Web page caption snippets:
▼▼▼

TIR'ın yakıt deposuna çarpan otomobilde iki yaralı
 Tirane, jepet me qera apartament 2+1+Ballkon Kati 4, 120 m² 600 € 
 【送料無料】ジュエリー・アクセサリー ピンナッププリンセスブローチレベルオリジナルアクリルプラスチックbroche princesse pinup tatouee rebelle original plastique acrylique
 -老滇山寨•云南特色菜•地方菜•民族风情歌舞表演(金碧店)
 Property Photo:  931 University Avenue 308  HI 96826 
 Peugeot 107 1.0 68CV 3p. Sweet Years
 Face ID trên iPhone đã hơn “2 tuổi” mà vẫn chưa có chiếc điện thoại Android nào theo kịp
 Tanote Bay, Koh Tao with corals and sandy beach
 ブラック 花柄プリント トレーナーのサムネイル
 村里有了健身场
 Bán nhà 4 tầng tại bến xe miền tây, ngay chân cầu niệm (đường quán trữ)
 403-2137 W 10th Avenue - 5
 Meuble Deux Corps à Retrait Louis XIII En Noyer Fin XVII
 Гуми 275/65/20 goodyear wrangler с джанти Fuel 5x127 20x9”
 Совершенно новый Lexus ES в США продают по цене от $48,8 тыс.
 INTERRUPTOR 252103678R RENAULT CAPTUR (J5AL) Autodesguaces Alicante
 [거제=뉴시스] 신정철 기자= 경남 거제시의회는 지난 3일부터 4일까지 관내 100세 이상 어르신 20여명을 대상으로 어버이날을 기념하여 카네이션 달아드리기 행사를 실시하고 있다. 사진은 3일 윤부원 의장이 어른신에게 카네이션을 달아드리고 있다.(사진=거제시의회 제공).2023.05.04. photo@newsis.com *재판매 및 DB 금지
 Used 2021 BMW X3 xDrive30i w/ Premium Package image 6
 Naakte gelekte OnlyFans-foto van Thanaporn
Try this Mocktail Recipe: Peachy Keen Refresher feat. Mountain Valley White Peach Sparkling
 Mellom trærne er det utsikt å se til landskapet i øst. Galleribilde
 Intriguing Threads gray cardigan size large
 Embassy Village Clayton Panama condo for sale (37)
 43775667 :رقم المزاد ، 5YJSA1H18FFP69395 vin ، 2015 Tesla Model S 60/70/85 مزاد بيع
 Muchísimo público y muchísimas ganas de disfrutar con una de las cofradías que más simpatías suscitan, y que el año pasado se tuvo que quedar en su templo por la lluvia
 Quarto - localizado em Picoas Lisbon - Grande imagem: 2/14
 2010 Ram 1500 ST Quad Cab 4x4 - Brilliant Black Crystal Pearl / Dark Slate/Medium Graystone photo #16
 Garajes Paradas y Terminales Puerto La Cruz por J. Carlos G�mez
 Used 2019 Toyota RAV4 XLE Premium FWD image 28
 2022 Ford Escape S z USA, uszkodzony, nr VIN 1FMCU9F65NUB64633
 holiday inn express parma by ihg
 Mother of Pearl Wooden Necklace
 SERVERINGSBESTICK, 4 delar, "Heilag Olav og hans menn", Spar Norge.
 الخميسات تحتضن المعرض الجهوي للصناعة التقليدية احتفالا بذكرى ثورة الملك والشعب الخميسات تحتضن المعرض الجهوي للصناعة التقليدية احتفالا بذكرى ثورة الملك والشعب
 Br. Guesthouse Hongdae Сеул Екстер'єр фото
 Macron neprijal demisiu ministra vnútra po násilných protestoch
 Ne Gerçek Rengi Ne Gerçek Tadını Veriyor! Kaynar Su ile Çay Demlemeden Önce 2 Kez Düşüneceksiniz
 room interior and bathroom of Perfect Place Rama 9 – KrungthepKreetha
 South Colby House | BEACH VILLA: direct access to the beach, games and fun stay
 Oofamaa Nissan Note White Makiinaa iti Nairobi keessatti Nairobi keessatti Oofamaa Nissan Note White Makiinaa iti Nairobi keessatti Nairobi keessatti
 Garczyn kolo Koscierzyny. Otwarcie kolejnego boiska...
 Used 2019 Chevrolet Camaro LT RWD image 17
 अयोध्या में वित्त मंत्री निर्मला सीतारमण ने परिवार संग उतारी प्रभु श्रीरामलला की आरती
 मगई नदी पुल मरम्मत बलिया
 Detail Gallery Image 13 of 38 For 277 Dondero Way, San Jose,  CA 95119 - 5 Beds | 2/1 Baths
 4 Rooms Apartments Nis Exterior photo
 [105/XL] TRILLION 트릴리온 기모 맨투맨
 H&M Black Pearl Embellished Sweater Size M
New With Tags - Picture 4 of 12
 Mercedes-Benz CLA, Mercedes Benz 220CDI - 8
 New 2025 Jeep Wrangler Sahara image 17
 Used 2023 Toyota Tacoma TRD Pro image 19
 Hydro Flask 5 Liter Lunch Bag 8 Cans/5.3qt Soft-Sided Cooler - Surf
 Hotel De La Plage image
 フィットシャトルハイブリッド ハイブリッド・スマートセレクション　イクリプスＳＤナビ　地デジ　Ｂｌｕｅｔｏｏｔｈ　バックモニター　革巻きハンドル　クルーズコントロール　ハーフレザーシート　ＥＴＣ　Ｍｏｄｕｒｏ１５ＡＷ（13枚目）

▲▲▲

EXERCISE PROMPT: The required output is the entries from their opening line through the line holding "-老滇山寨•云南特色菜•地方菜•民族风情歌舞表演(金碧店)", repeated exactly, with both end lines kept.

TASK RESPONSE:
TIR'ın yakıt deposuna çarpan otomobilde iki yaralı
 Tirane, jepet me qera apartament 2+1+Ballkon Kati 4, 120 m² 600 € 
 【送料無料】ジュエリー・アクセサリー ピンナッププリンセスブローチレベルオリジナルアクリルプラスチックbroche princesse pinup tatouee rebelle original plastique acrylique
 -老滇山寨•云南特色菜•地方菜•民族风情歌舞表演(金碧店)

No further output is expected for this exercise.